Fischers Fritz schrieb:


> ja war ganz interesant aber seit wann is en de Kai im Team Sensas?
> 
> gruß


 
Habe mich auch genau das selbe gefragt. Was war da mit Mosella los?


----------



## Adrian* (3. September 2006)

*AW: Morgen geht´s los mit Kai Chaluppa*

Günter Horler (ehemals Sensas) ist ja auch WIEDER bei Mosella, vielleicht haben die da irgendwas gedreht????????
Die Sendung war aber nicht schlecht!


----------



## Adrian* (20. September 2006)

*AW: Morgen geht´s los mit Kai Chaluppa*

@ShogunZ

So wie's aussieht biste dann morgen wieder im Tv auf Terranova...
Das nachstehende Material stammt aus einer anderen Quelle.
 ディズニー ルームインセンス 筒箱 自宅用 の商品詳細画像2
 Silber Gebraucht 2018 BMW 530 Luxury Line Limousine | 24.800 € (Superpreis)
~> http://www.terranova.de/index.php?id=57&tx_ttnews[tt_news]=1084&tx_ttnews[backPid]=56&cHash=8b0fb45bb2


----------



## robi_N (20. August 2007)

*AW: Morgen geht´s los mit Kai Chaluppa*

Eh dat hab ich im Fernseher drin gesehen!
Hab auch gesehen wie du den fisch wieder rein geschmissen hast in den fluss! haha aber sonst ein ganz guter beitrag so. durftest du die rute wirklich behalten die er dir gegeben hat?
der hat ja bestimmt ne ganze menge davon ne.
also petri!


----------



## Feeder-Freak (20. August 2007)

*AW: Morgen geht´s los mit Kai Chaluppa*

Ach die Sendung war das???
Man das war eine meiner Lieblingsendungen. Klasse freut mich für die ShogunZ.#6#6#6


----------